### To do
Could you transcribe exactly the lines below, from the line with "Abstract Cracks Crop Top" through the line with "Retro Chic Large Iris Blossom Ring", and nothing else, leaving out the pictures?

### Records supplied
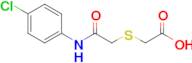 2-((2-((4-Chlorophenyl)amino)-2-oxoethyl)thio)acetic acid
...
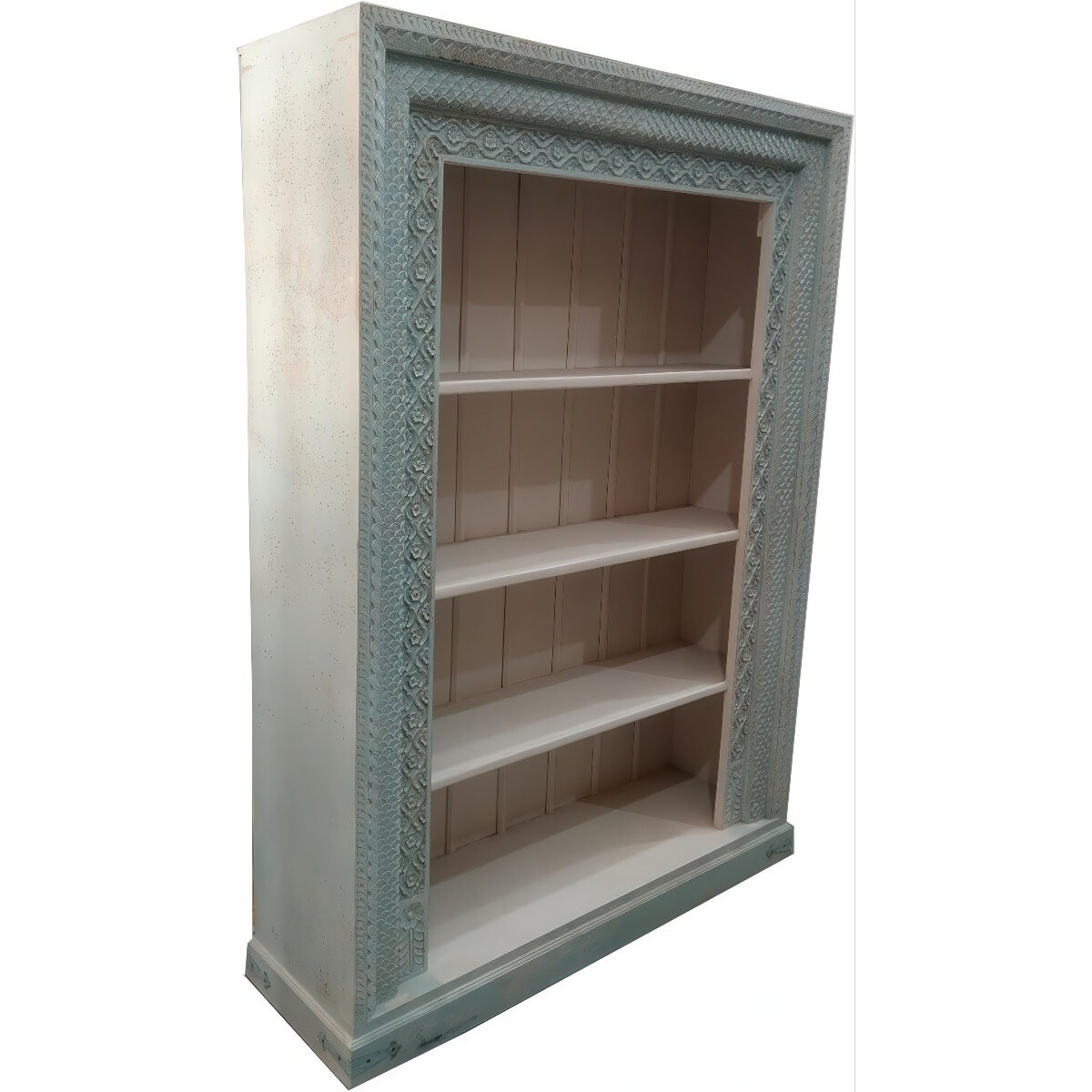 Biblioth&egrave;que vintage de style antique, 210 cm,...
* * *
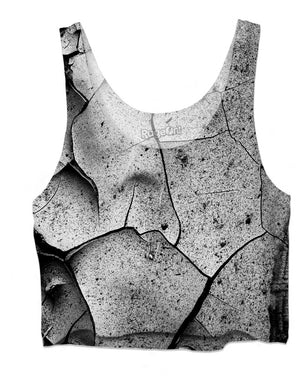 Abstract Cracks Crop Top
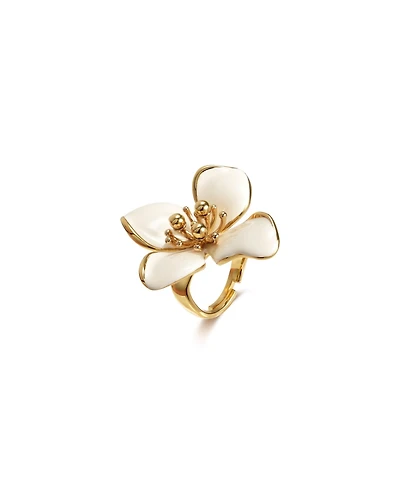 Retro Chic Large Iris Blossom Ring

### Solution for this task
 Abstract Cracks Crop Top
 Retro Chic Large Iris Blossom Ring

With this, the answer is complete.